Acknowledgment – This reporter works yearly with Master of Accountancy Students at Vanderbilt’s Owen Graduate School of Management as a guest lecturer. Angles in the article below originated from course preparation and interviews with professionals in the accounting industry.

Higher education programs in accounting have seen a marked shift in the students gravitating to their campuses. A previous and dedicated focus on becoming a Certified Public Accountant (CPA) was the norm. Today, graduate students at business schools nationwide are entering their programs to secure baseline skills to apply to professions outside of traditional career trajectories.

The changing currents of the talent pool have impacted existing accounting professionals that aim to adjust to new client expectations and market shifts.

A survey conducted by Spotlight Reporting asked accounting professionals from all over the world whether or not they plan to offer financial advisory services in the future. Eighty percent of respondents said they plan to, and 70% said they already are.

Just over a decade ago, these results would have looked vastly different. Studies show that more accounting firms are providing advisory services than ever before. According to The Practice of Now 2020: The essential report for accountants, 82% of accountants say clients are looking for more services and more flexibility.

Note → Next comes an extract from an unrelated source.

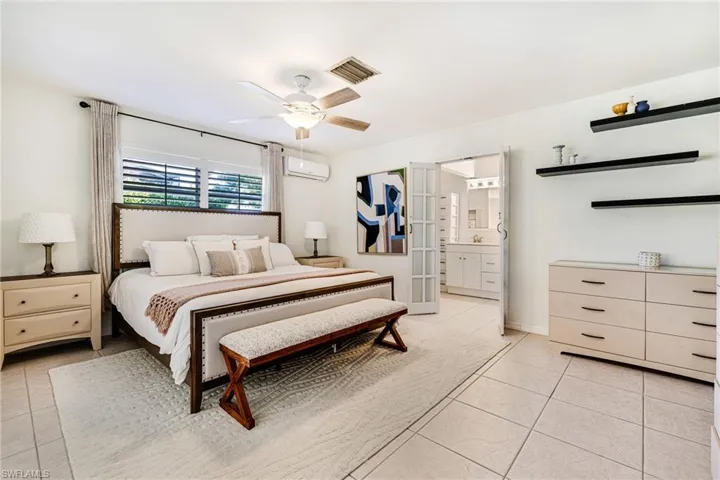 Bedroom featuring light tile patterned flooring, a wall unit AC, ceiling fan, and french doors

That desire for flexibility creates a domino effect for preparatory education and professional institutions working diligently to provide consistency to the talent pool.

E. Scott Johnson, Ph.D., Associate Professor of the Practice of Accounting and Faculty Director of the Master of Accountancy (MAcc) Program at the Owen Graduate School of Management, Vanderbilt University, sees the potential for expanded services. Yet he cautions against broad-base applicability for today’s schools.

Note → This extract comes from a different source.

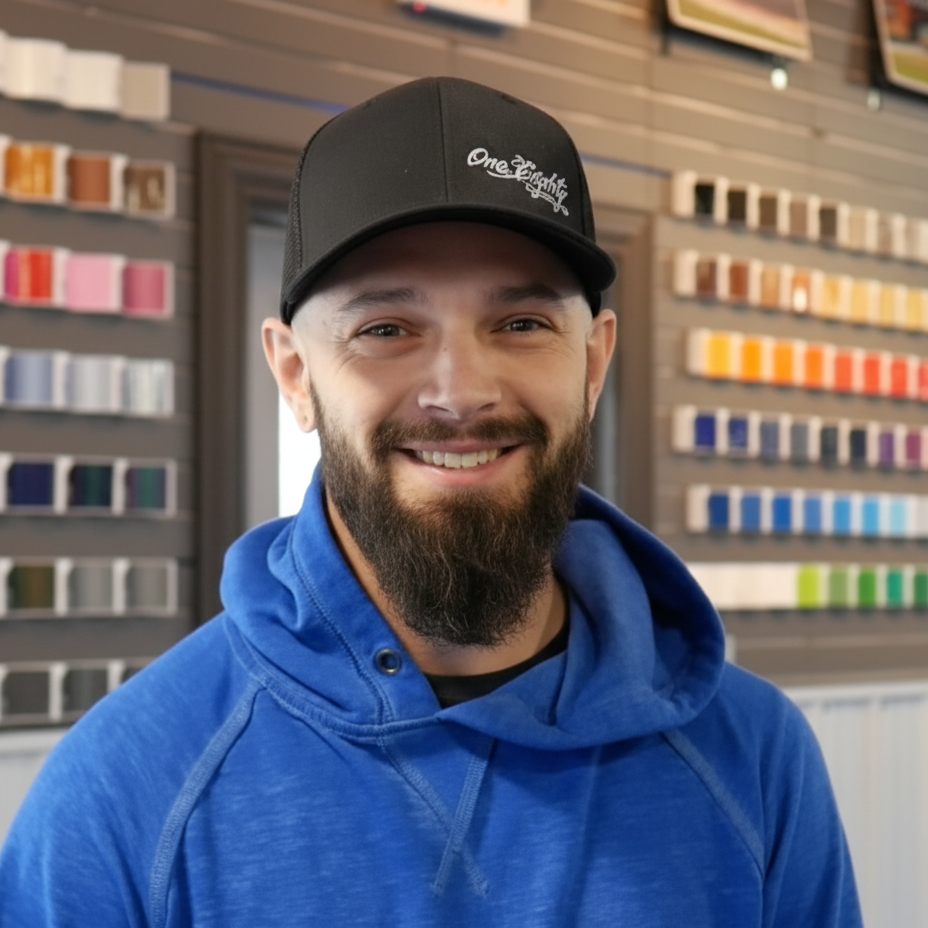 A man with a beard wearing a blue hoodie and a black hat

“Designing a comprehensive program for financial planning or wealth management is a big ask for all but especially for the largest business schools because of the diverse set of skills (and specialized classes) required for either career path,” says Johnson. “On top of a strong background in finance, both fields require extensive knowledge of tax law, and those are just the beginning of the hard skills needed to excel. The best financial planners or wealth managers will set themselves apart with outstanding soft skills.”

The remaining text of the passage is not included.